A genus \(g\) hyperelliptic ineffective spin curve \((C, \theta)\) consists of a genus \(g\) hyperelliptic curve \(C\) and a half canonical divisor \(\theta\) on \(C\) with \(|\theta|\) empty.
This paper investigates the moduli space \(\mathcal{S}^{0, \text{hyp}}_{g,1}\) of one-pointed genus \(g\) hyperelliptic ineffective spin curves, and show that it is an irreducible rational variety. As a corollary, the moduli space \(\mathcal{S}^{0, \text{hyp}}_{g}\) of genus \(g\) hyperelliptic ineffective spin curves is an irreducible unirational variety.

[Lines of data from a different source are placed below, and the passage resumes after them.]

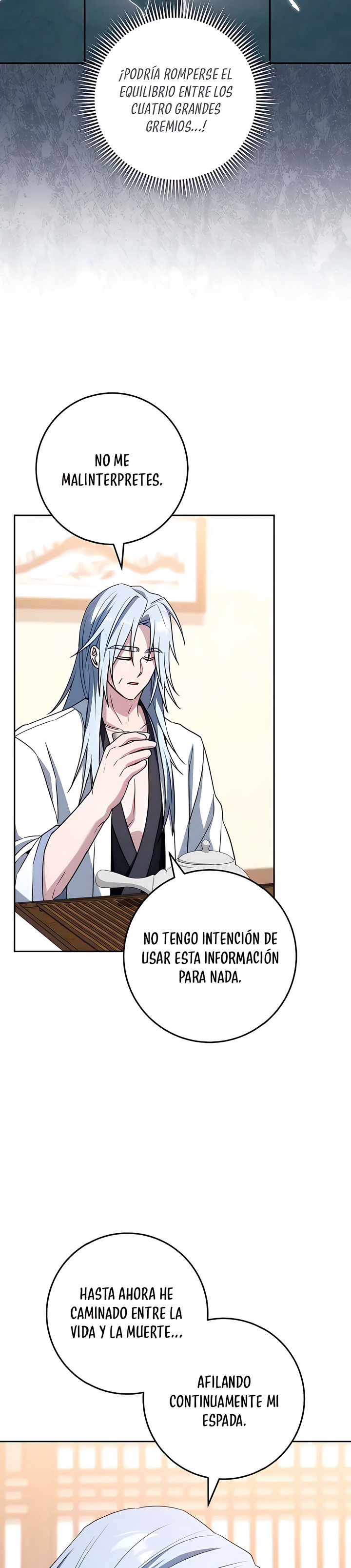 El Emperador del Trueno escribe desde las sombras capítulo 29 página 8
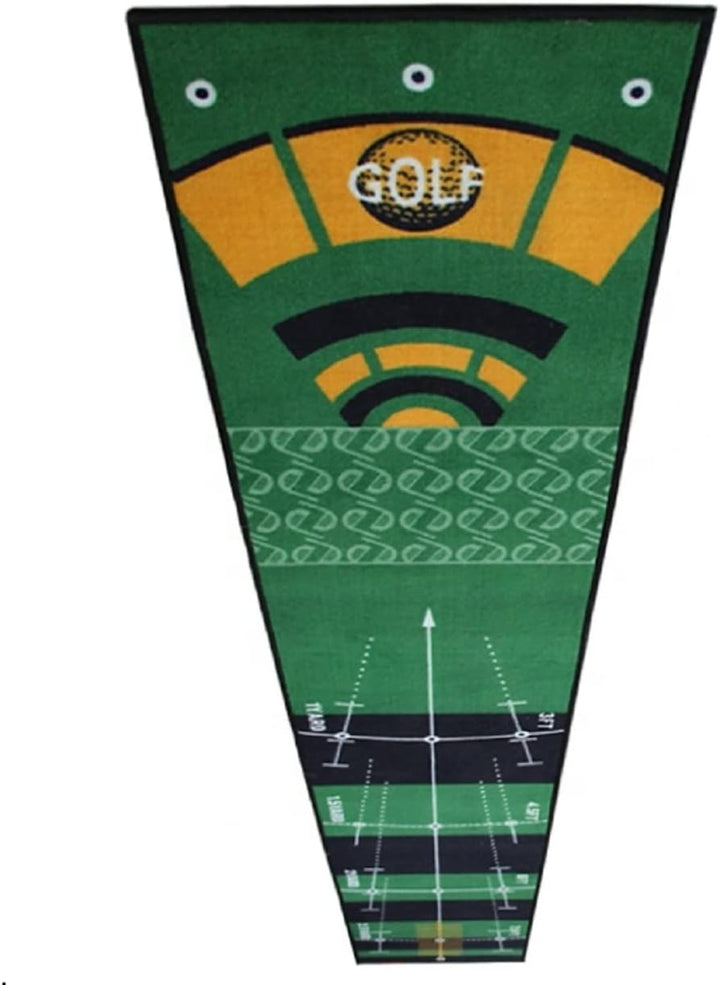 Golf Puttingmatte in 300 x 50 cm/Putting Übungsmatte/Putt Matte/Trainingsmatte zum Putten in der Gar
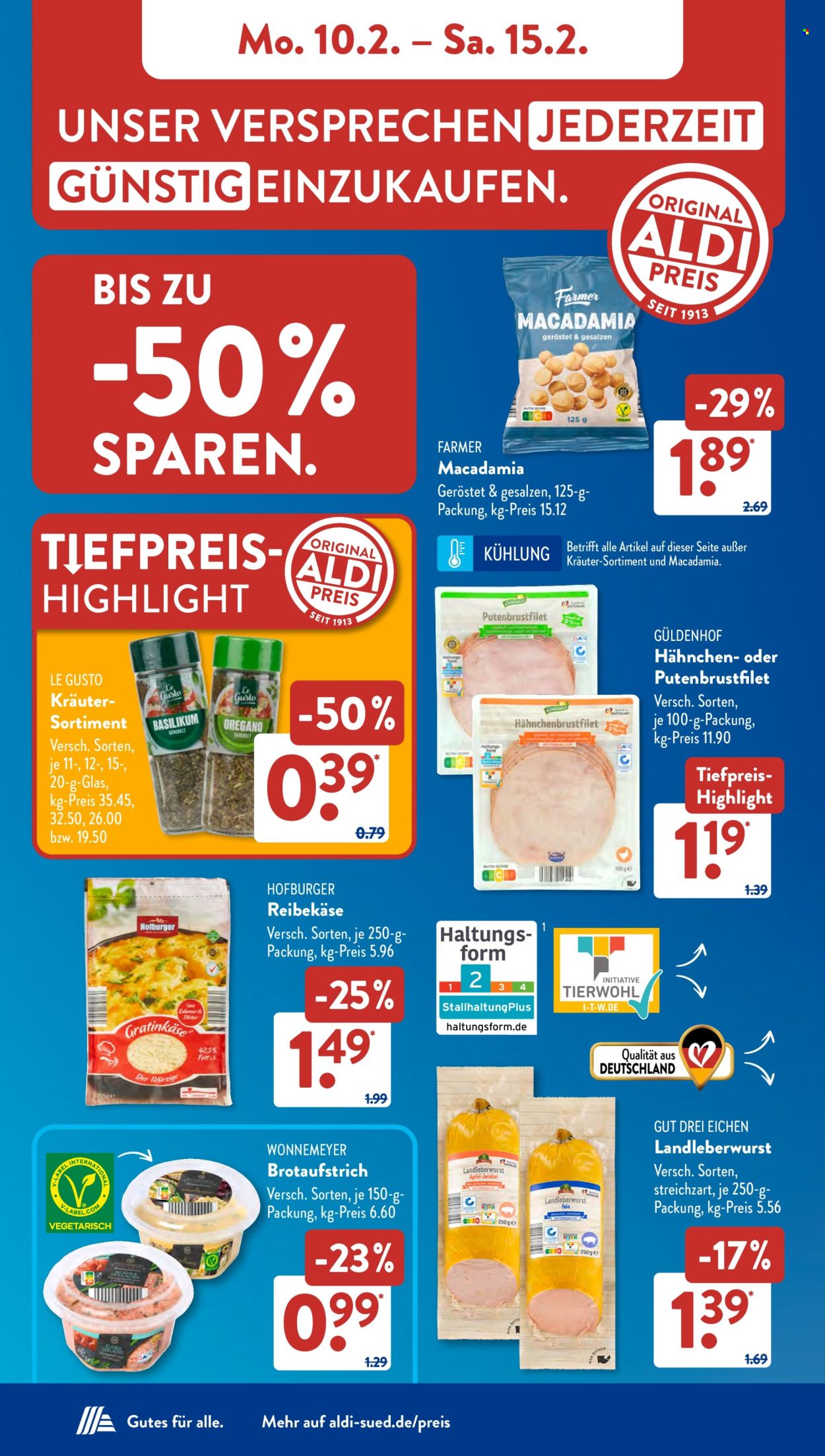 ALDI SÜD Prospekte  - 10.02.2025 - 15.02.2025. Seite 6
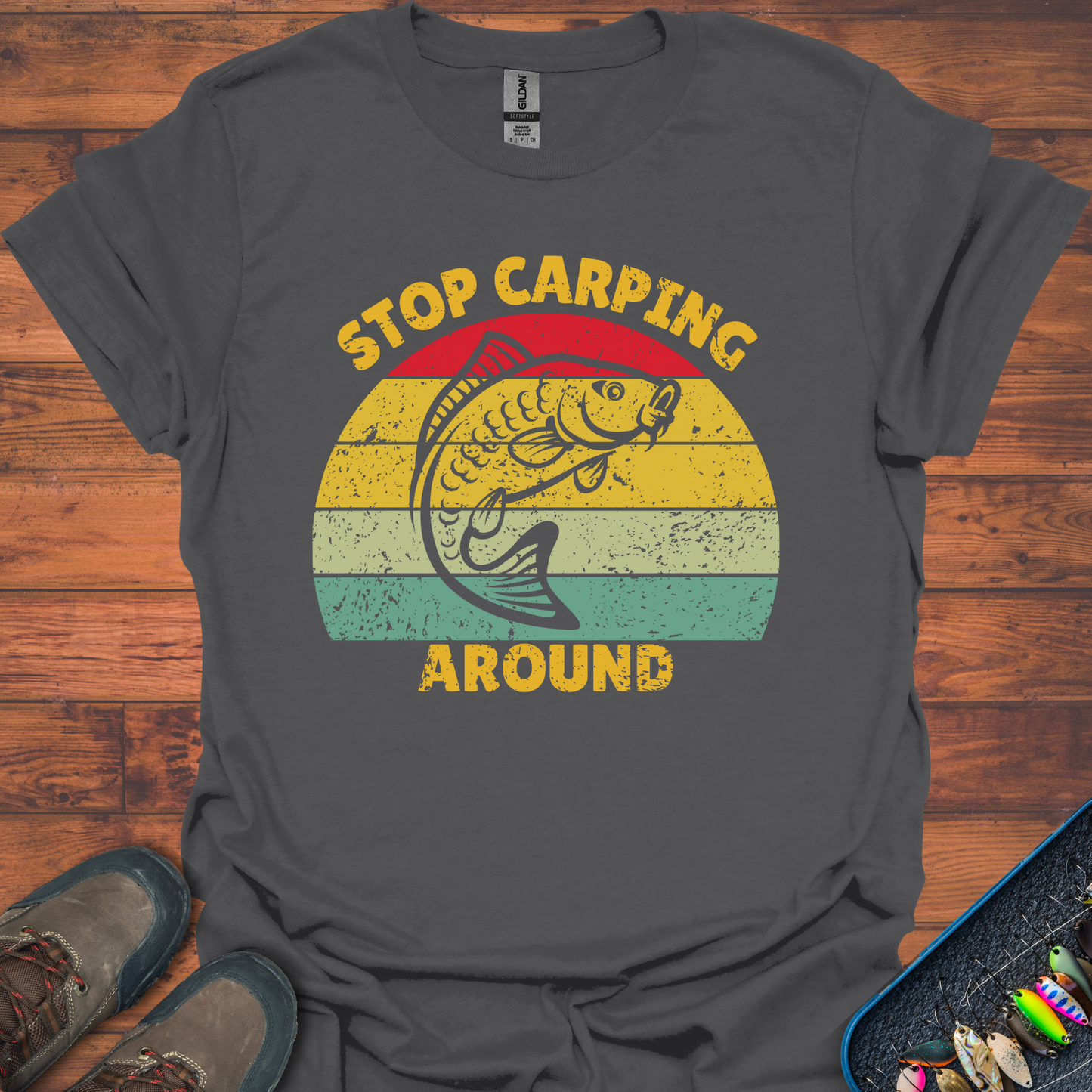 Stop Carping Around T-Shirt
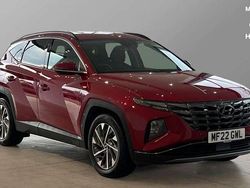 Red Used 2022 Hyundai Tucson Premium SUV | £19,389 (Fair price)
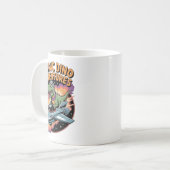Cosmic Dino Adventures Kaffeetasse (Vorderseite Links)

The method is to consider an almost del Pezzo \(3\)-fold \(B_a\), which is a small resolution of a degeneration of the quintic del Pezzo threefold. By studying the geometry of \(B_a\), \(\mathcal{S}^{0, \text{hyp}}_{g,1}\) can be realized (birationally) as a quotient of family of rational curves on \(B_a\), and the rationality can be solved by computing invariants.

MSC:

14H10 Families, moduli of curves (algebraic)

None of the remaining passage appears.